● What you should do:
Leave the pictures in the listing below aside and reproduce exactly the lines starting with the one with "Quỷ Dị Khó Giết?" and going on through the one with "cáp điện lực trung thế", both ends included.
::::::::::
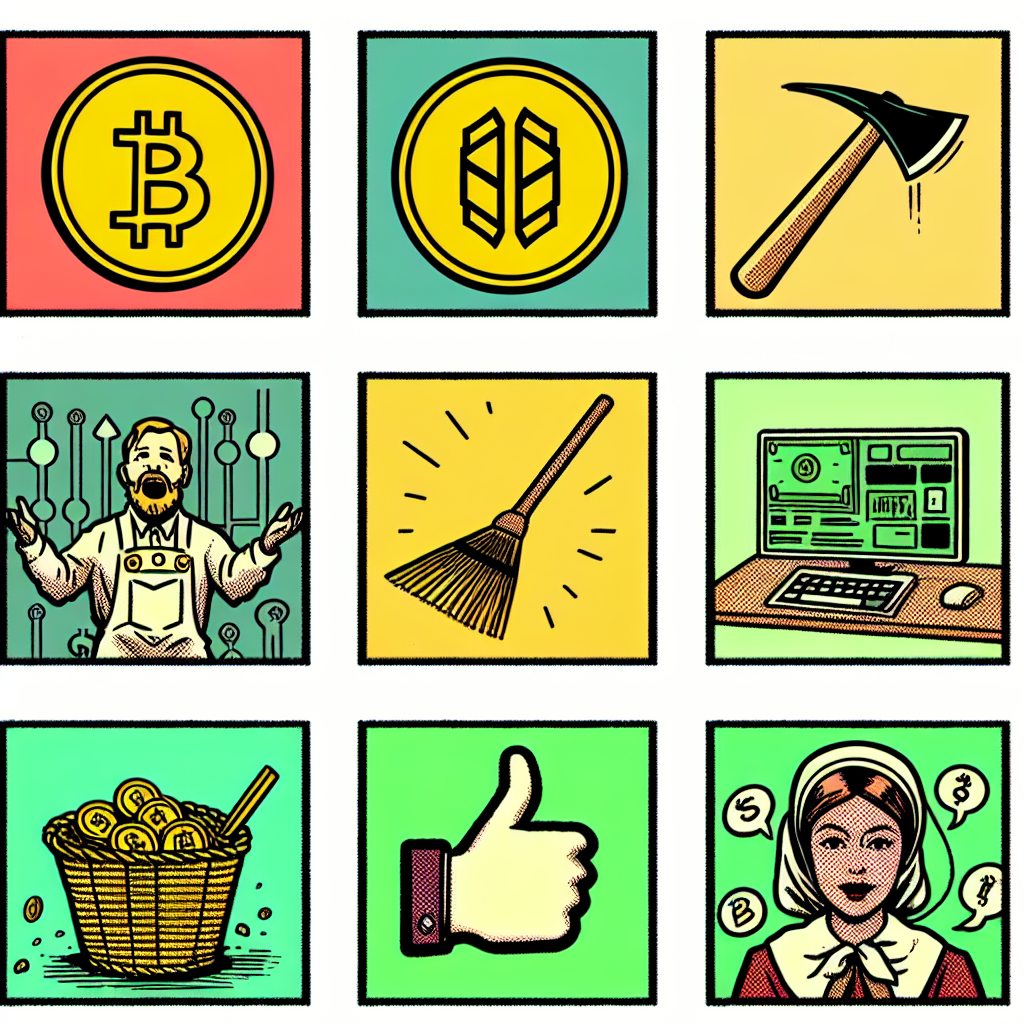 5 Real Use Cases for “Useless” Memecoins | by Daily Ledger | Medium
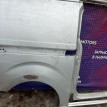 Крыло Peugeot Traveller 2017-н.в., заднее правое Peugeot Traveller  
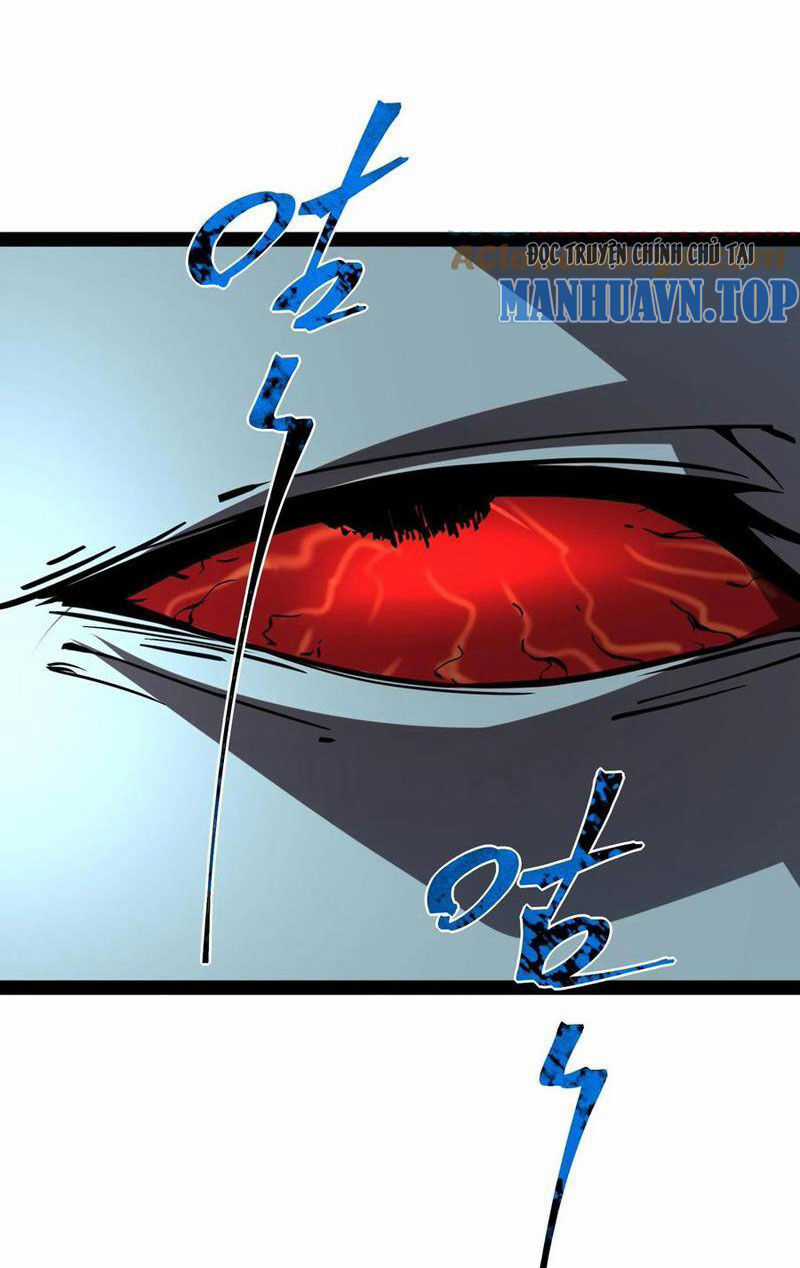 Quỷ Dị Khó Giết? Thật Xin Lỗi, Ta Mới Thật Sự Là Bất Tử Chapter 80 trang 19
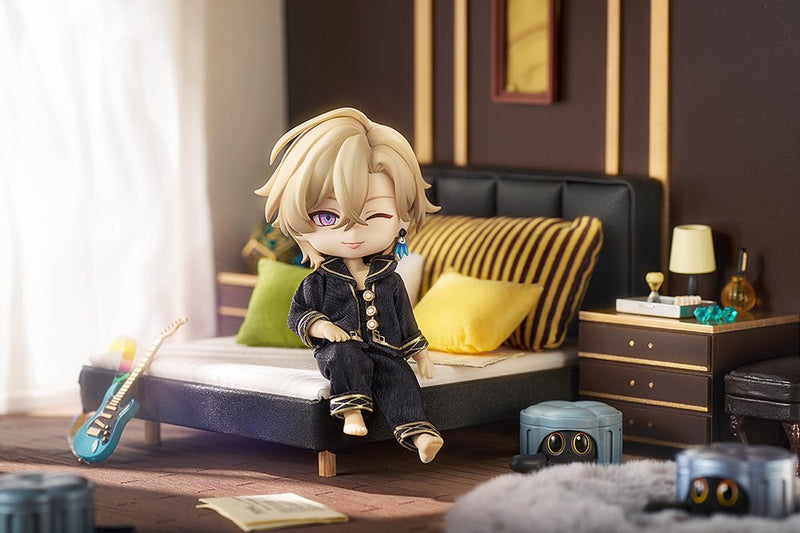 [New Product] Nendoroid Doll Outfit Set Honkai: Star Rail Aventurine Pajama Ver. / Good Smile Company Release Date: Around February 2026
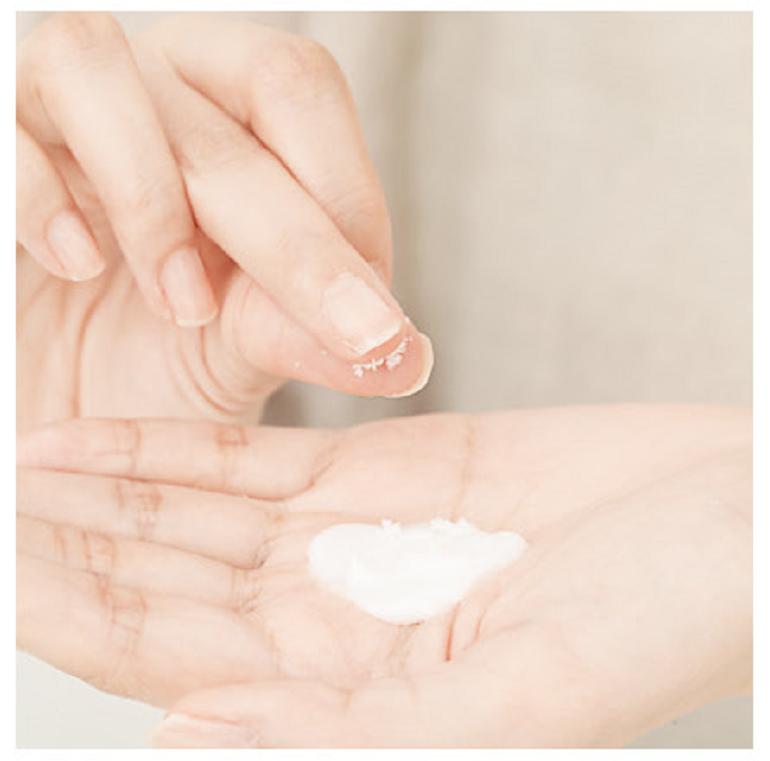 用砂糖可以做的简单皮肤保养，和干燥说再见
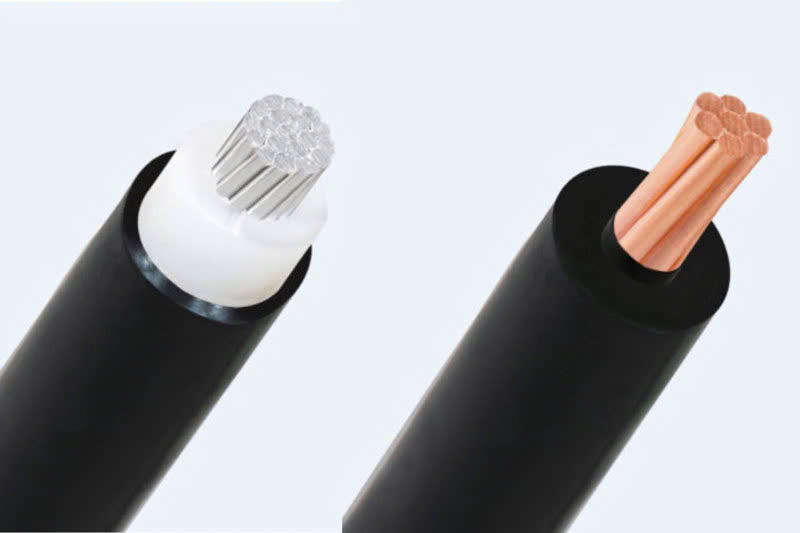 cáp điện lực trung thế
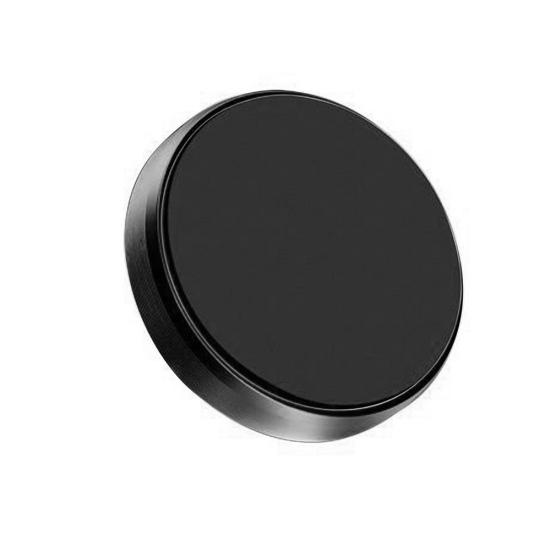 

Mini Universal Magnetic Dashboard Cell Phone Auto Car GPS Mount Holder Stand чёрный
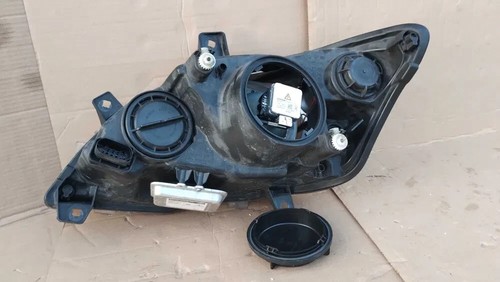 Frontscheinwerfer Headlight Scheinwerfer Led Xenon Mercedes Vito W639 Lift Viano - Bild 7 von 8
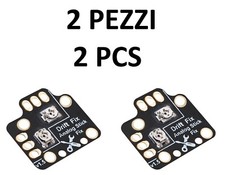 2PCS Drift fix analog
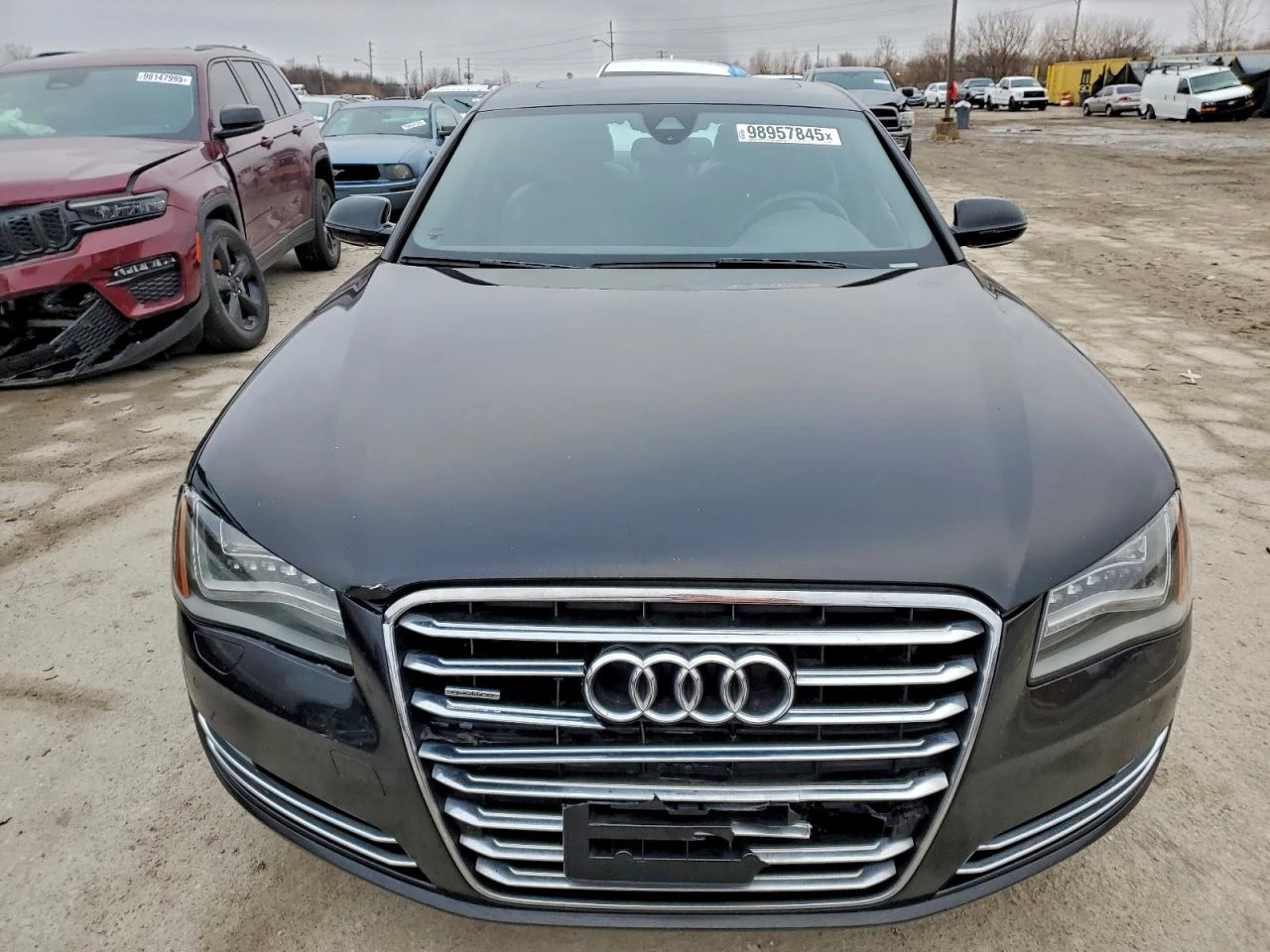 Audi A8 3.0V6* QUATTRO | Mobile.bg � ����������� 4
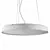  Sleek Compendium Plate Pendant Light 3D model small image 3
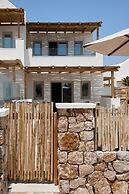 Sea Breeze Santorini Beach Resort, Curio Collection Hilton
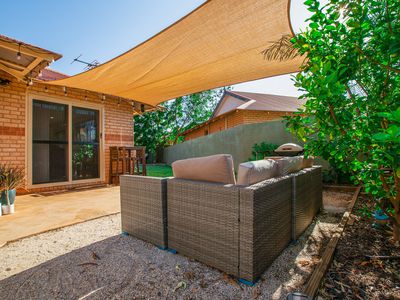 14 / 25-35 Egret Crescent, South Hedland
::::::::::
● Response to this exercise:
 Quỷ Dị Khó Giết? Thật Xin Lỗi, Ta Mới Thật Sự Là Bất Tử Chapter 80 trang 19
 [New Product] Nendoroid Doll Outfit Set Honkai: Star Rail Aventurine Pajama Ver. / Good Smile Company Release Date: Around February 2026
 用砂糖可以做的简单皮肤保养，和干燥说再见
 cáp điện lực trung thế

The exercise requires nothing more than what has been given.